I like this story about Joseph of Arimathea. It is comforting. Christmas is more complicated than the simple cheer of the greeting cards. The Joseph who goes to claim the body of the Lord from Pilate is a man full of grief and guilt over lost opportunities. Many of us, I think, come to Christmas this way, with some guilt about what we have let pass us by and some guilt about what is gone and cannot be gotten back. We have guilt about the time we should have spent with spouse or children, with parents or siblings or friends. Now we are separated by distance or death, and we miss our missed chances. Or perhaps it is some part of ourselves that we miss, something that was so alive once upon a Christmas time and which has become lost and inaccessible. We are looking for something inside and we cannot find it. Even for children there is sometimes sadness and weariness mixed in with the genuine joy and celebration of Christmas. The heart, after all, can carry more than one tune at a time and they are not necessarily in the same mood.

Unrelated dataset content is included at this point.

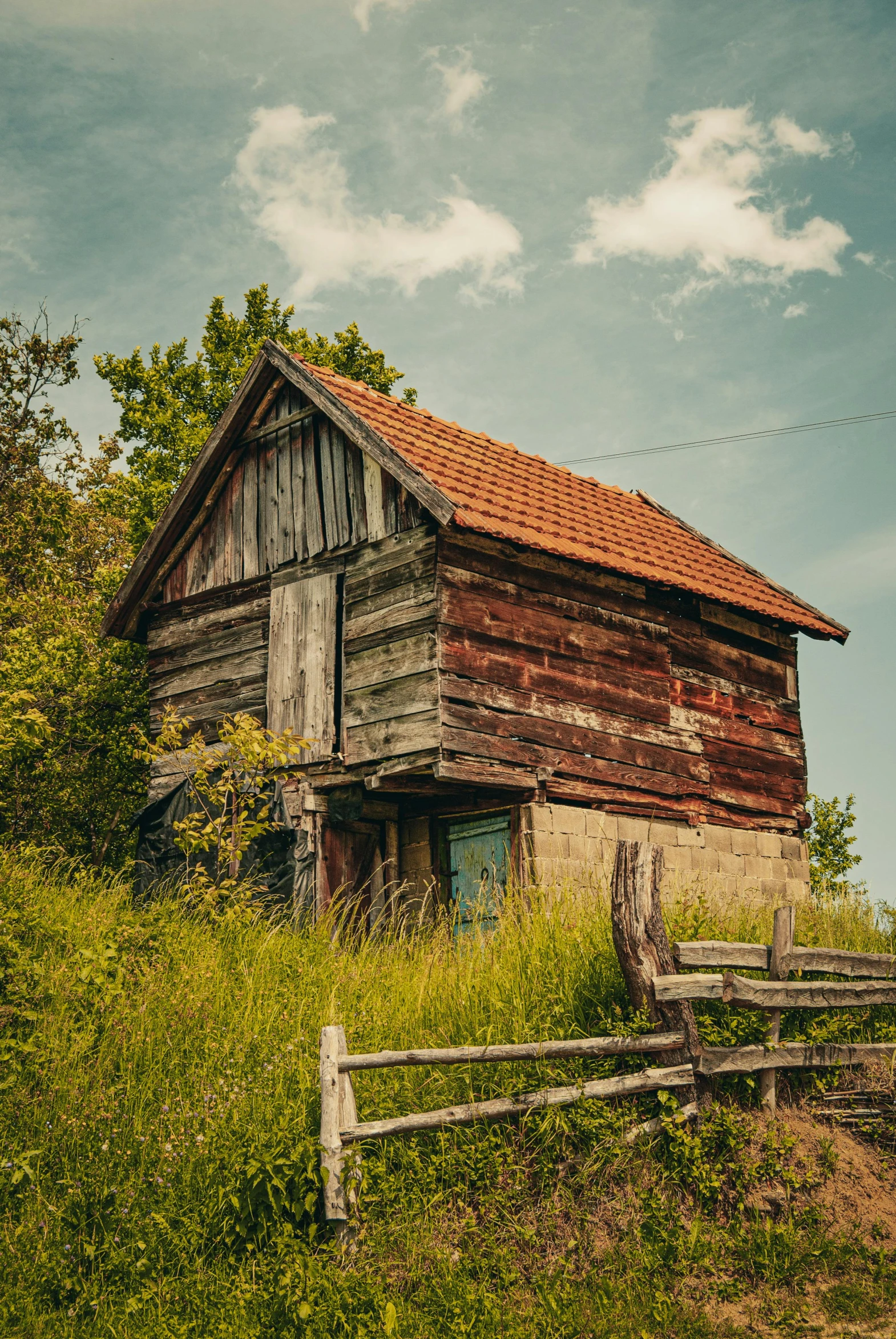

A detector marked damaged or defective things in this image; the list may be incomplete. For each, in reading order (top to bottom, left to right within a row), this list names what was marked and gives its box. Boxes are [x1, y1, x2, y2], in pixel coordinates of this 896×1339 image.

rusty orange roof tile [299, 358, 845, 644]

I, at any rate, identify with Joseph of Arimathea and perhaps at least some of you here tonight do as well. But the story goes on. This man, wearied by the secret weight of his guilt and grief, this man who both cares and is care worn, becomes a witness to the new life whose birthday is tonight. Into the hands of such a one as this (and the Saints in their beginnings are never particularly admirable or heroic—they get changed—that’s the whole point), into the hands of such a one as this, God places the precious blood of His love poured out for the life of the world. This person, who has been wearied with grief and guilt, becomes weary spreading the good news of God’s life-giving love which has been born into our midst this night. From the hands of such a one as this new life flowers forth, life which cannot for long be cut back, but which blossoms again and again.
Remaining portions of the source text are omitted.